EXERCISE BRIEF — Below is a block of entries; repeat exactly the lines starting at the line that contains "KA02 Assessment" and ending at the line that contains "4090 Turning Leaf Drive Nolanville, TX 76559", both included.

PROVIDED DATA —
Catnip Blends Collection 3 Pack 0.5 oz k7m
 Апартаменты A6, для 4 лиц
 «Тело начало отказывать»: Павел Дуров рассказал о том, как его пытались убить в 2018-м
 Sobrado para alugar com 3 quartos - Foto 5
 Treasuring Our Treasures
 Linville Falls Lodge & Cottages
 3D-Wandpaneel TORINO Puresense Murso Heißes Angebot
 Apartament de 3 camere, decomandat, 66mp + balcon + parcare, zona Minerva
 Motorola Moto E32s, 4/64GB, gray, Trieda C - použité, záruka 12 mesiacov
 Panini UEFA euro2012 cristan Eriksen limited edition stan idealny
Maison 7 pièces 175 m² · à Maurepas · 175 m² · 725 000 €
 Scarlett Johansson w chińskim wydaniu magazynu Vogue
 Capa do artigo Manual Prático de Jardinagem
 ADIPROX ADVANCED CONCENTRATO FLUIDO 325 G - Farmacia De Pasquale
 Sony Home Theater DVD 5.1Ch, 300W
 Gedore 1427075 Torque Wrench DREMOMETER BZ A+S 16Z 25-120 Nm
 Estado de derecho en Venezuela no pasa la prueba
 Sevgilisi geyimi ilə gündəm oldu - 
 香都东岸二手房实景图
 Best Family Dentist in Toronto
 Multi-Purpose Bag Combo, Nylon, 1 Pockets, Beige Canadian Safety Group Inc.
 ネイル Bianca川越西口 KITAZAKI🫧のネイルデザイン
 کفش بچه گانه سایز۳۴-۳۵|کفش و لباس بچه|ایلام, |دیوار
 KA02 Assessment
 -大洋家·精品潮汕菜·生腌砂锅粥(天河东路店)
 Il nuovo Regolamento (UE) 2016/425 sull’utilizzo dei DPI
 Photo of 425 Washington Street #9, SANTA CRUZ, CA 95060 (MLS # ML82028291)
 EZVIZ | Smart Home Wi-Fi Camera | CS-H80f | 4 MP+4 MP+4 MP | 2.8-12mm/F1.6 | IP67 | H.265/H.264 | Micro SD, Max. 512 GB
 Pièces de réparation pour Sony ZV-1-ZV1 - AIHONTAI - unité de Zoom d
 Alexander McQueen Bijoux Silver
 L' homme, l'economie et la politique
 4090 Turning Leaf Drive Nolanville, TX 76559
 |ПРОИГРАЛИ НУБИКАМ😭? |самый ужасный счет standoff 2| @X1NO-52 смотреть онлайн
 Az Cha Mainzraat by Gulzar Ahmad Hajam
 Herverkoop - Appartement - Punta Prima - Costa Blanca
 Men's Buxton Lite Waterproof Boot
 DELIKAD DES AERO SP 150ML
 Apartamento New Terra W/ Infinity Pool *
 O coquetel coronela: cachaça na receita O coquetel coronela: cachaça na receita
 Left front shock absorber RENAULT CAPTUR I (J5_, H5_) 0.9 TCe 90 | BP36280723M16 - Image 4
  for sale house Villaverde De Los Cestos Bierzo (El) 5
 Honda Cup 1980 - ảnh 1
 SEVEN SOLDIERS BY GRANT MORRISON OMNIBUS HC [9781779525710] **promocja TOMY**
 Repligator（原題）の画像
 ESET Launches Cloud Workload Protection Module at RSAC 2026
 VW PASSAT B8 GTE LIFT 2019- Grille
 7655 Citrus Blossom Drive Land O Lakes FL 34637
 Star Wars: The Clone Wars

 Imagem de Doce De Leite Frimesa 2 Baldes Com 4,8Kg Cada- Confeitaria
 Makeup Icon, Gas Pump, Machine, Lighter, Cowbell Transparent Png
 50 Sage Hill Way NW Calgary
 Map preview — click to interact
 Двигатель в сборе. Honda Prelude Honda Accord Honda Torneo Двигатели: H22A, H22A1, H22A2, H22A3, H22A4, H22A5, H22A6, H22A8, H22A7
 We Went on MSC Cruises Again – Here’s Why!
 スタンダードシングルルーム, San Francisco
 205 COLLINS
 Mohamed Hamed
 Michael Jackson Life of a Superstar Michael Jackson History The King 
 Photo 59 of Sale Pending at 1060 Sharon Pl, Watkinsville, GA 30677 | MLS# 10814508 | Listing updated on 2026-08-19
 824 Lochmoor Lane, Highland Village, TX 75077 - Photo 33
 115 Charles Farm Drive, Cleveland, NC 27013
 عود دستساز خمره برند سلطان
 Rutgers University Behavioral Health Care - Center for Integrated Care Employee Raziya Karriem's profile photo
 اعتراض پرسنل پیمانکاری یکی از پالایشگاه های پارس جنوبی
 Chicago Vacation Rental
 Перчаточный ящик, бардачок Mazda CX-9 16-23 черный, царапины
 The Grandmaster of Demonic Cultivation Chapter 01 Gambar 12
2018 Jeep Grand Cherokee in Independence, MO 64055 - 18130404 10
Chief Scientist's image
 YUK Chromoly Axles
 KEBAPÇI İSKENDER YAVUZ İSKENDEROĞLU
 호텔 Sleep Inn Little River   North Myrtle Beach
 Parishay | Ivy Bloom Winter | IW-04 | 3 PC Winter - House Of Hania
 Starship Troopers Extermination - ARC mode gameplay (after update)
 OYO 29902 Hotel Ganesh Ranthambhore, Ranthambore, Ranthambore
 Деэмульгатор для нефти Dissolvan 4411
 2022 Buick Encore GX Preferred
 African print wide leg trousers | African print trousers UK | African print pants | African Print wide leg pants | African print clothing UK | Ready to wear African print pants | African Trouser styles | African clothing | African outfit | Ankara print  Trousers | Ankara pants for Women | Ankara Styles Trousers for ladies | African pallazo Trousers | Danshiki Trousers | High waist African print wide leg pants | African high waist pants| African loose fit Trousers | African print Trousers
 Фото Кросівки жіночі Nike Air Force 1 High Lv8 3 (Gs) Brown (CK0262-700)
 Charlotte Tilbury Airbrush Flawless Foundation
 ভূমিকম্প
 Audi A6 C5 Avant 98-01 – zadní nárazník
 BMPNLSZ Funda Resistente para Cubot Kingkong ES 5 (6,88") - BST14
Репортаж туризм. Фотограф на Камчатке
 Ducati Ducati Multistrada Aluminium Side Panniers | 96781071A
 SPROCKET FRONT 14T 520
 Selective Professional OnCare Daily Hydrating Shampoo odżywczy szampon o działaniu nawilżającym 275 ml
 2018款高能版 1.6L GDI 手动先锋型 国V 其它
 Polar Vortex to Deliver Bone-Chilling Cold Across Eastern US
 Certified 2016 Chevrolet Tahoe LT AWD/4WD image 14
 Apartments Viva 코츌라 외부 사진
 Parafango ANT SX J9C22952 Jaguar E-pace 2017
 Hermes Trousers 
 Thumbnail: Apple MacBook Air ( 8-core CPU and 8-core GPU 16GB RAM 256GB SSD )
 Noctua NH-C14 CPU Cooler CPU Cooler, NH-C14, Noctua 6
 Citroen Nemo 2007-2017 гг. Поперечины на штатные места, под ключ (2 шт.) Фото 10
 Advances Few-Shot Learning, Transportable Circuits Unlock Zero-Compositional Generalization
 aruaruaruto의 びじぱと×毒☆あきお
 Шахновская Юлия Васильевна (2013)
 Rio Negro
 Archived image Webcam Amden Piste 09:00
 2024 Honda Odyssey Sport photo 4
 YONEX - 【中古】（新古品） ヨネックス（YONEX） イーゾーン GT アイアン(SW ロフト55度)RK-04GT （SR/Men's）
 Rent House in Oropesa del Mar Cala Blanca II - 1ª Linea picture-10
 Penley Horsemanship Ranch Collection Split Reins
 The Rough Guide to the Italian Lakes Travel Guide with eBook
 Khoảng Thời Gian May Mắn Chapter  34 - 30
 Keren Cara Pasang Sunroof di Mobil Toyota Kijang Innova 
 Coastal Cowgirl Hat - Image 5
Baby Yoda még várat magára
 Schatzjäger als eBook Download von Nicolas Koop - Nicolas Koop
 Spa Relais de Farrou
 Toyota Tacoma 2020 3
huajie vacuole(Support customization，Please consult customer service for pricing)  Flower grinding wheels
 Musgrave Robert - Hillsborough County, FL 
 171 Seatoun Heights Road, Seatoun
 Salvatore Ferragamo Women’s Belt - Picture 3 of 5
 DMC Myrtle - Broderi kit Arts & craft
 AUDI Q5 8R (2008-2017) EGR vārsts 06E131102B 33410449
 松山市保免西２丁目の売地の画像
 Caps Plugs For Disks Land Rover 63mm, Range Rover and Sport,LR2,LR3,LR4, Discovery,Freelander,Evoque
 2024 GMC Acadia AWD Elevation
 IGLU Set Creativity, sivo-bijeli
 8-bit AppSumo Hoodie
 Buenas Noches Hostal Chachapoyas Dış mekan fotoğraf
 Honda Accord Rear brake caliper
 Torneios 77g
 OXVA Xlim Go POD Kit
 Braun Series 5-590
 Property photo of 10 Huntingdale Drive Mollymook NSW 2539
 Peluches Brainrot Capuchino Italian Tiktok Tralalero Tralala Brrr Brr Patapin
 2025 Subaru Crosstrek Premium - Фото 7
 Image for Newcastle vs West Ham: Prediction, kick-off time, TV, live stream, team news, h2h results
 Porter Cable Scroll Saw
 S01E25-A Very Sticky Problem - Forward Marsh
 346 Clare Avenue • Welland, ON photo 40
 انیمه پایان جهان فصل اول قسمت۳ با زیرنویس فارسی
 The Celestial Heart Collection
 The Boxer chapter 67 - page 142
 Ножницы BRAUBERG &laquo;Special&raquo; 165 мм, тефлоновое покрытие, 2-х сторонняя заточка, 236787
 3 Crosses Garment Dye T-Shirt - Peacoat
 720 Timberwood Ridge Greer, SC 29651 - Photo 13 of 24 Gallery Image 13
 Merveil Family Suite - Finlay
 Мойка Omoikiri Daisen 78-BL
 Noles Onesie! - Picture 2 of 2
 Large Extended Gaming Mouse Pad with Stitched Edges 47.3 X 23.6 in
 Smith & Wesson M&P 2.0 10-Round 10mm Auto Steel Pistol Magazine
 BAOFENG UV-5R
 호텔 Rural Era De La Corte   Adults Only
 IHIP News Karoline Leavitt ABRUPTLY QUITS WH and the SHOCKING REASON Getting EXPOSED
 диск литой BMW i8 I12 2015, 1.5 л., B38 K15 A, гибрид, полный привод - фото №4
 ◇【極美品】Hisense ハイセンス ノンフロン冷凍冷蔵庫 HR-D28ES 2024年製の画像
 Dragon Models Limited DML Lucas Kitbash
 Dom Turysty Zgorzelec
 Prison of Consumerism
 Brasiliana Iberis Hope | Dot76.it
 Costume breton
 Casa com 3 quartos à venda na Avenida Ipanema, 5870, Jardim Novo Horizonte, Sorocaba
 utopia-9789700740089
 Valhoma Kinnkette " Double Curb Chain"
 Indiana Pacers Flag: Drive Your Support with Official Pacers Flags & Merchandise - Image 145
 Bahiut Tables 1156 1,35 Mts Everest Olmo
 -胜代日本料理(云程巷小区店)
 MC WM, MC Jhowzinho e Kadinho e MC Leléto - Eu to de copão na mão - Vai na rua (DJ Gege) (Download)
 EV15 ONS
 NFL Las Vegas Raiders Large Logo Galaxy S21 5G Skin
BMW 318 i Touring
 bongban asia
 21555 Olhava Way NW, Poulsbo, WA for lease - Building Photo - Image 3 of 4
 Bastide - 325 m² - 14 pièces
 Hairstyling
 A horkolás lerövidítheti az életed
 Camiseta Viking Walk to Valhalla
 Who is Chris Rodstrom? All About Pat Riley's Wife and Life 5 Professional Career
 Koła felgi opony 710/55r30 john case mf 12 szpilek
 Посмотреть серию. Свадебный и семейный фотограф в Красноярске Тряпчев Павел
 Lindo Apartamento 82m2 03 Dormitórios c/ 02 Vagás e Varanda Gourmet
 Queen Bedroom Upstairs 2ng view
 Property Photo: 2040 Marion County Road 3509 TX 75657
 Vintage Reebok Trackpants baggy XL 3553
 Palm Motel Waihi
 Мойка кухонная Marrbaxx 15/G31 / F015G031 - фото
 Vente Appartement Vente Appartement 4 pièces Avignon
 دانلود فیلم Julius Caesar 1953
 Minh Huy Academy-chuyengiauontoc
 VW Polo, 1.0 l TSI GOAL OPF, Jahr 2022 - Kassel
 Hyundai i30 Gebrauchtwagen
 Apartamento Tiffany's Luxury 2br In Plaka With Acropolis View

TASK ANSWER —
 KA02 Assessment
 -大洋家·精品潮汕菜·生腌砂锅粥(天河东路店)
 Il nuovo Regolamento (UE) 2016/425 sull’utilizzo dei DPI
 Photo of 425 Washington Street #9, SANTA CRUZ, CA 95060 (MLS # ML82028291)
 EZVIZ | Smart Home Wi-Fi Camera | CS-H80f | 4 MP+4 MP+4 MP | 2.8-12mm/F1.6 | IP67 | H.265/H.264 | Micro SD, Max. 512 GB
 Pièces de réparation pour Sony ZV-1-ZV1 - AIHONTAI - unité de Zoom d
 Alexander McQueen Bijoux Silver
 L' homme, l'economie et la politique
 4090 Turning Leaf Drive Nolanville, TX 76559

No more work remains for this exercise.